In carrying out its investigation, the FBI broke into the offices of Amerasia and the homes of Gayn and Larsen and installed bugs and phone taps in those three locations.

On June 6, 1945, the FBI arrested Jaffe, Mitchell, Larsen, Roth, Gayn and Service. Simultaneously, the Amerasia offices were raided and 1,700 classified State Department, Navy, OSS, and Office of War Information documents were seized.

Because no evidence was found indicating that any documents had been forwarded to a foreign power, the Justice Department decided not to seek an indictment under the Espionage Act. Instead, it sought to indict the six for unauthorized possession and transmittal of government documents. Service, the only State Department officer arrested, had given Jaffe approximately eight documents, copies of his own reports on conditions in China, that represented non-sensitive intelligence that diplomats routinely shared with journalists. The grand jury voted unanimously against indicting him.

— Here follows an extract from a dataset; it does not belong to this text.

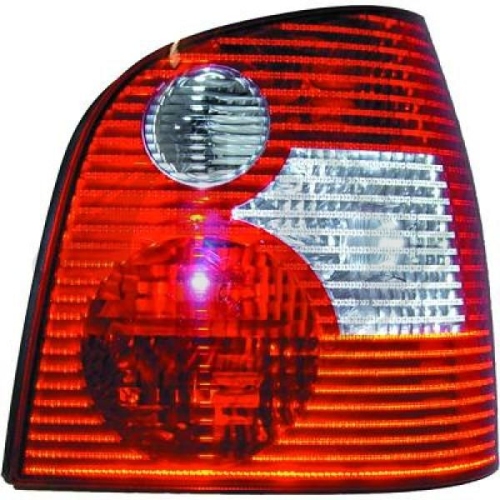 DIEDERICHS Tail Light Assembly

The grand jury indicted Jaffe, Larsen, and Roth. Before the trial began, Larsen's defense attorney learned of the FBI's illegal break-in at Larsen's home. The Justice Department, fearing a loss at trial if evidence were excluded because it was obtained illegally, arranged a deal. Jaffe agreed to plead guilty and pay a fine of $2,500, while Larsen pleaded no contest and was fined $500. The charges against Roth were dropped.